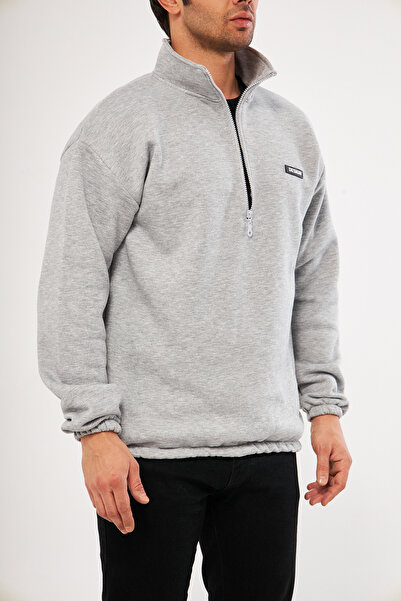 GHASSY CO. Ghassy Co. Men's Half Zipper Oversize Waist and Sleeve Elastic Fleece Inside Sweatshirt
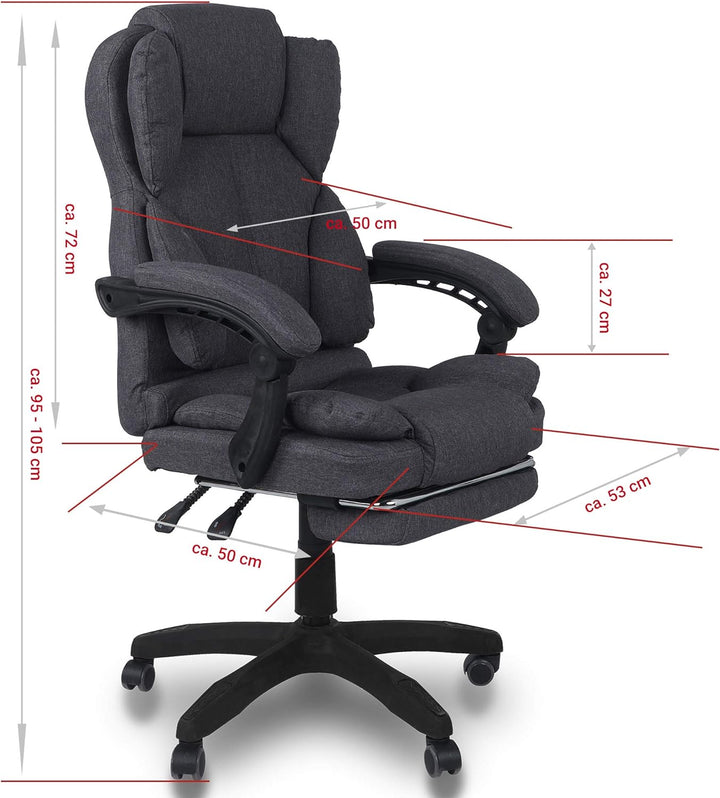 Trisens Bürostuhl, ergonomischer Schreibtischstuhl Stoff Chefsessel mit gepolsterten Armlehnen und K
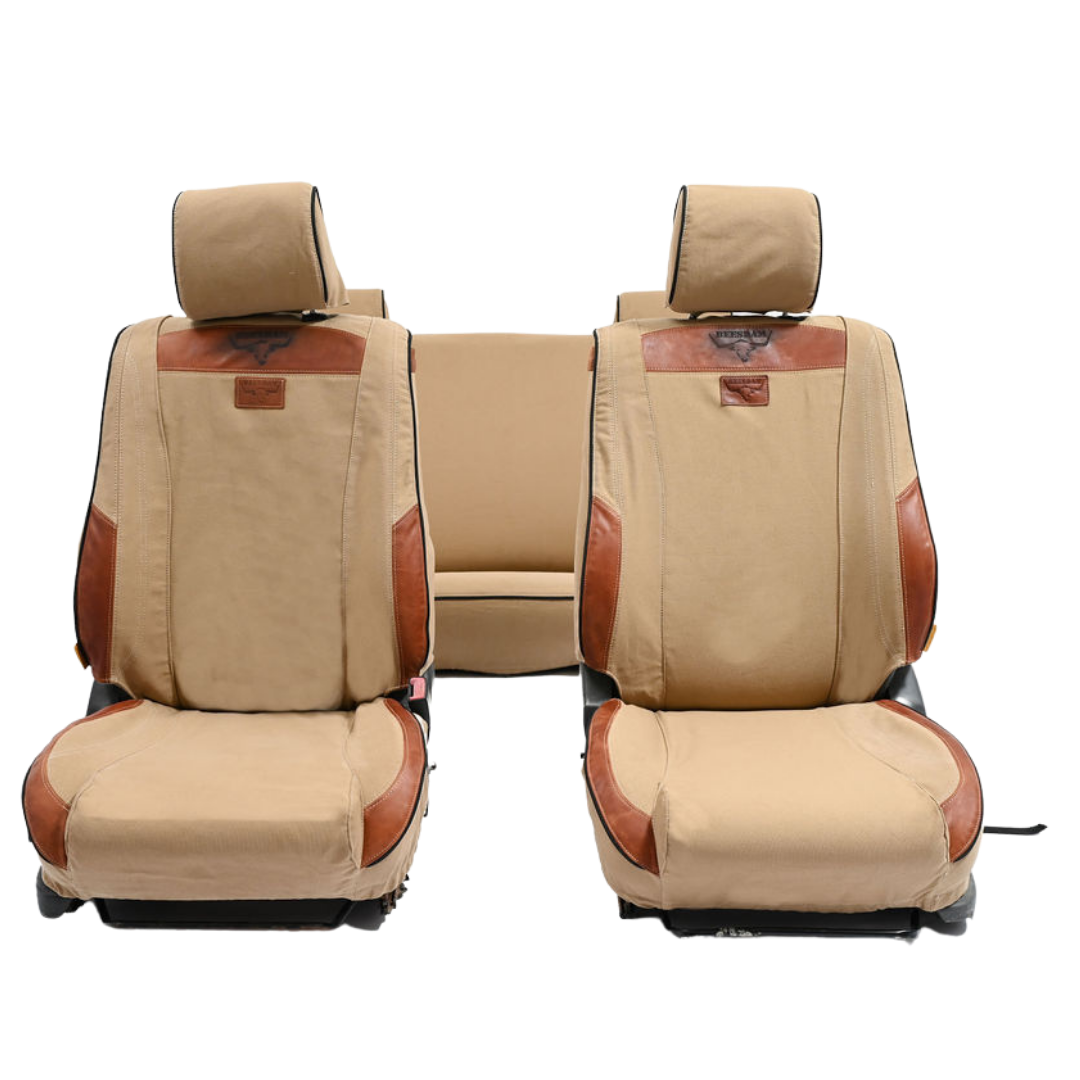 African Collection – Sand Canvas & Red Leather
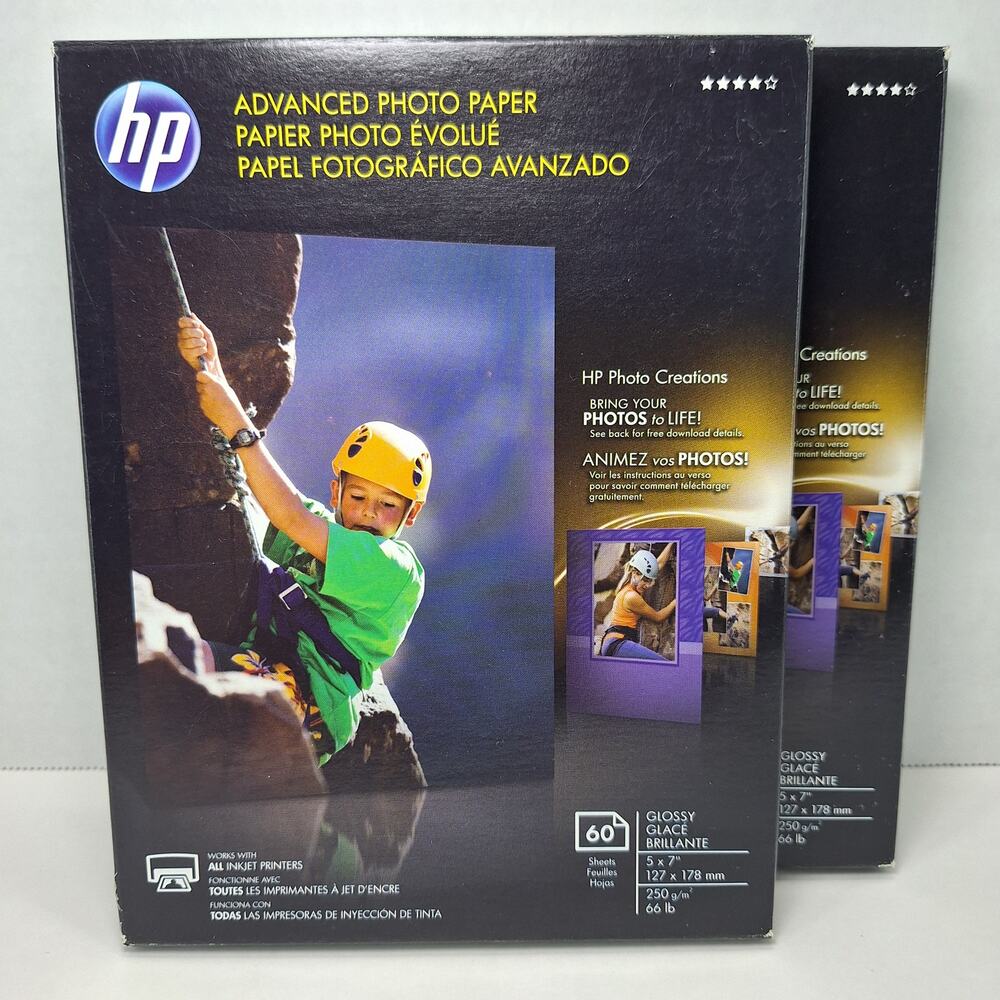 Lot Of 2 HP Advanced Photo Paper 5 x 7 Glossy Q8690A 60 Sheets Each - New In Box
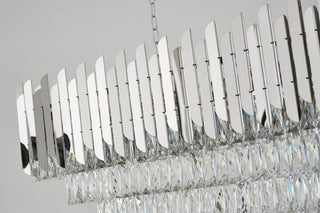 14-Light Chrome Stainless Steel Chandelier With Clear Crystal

* * * * * * *

The expected response is every entry above, repeated exactly, pictures removed.

#### [Result]
 GHASSY CO. Ghassy Co. Men's Half Zipper Oversize Waist and Sleeve Elastic Fleece Inside Sweatshirt
 Trisens Bürostuhl, ergonomischer Schreibtischstuhl Stoff Chefsessel mit gepolsterten Armlehnen und K
 African Collection – Sand Canvas & Red Leather
 Lot Of 2 HP Advanced Photo Paper 5 x 7 Glossy Q8690A 60 Sheets Each - New In Box
 14-Light Chrome Stainless Steel Chandelier With Clear Crystal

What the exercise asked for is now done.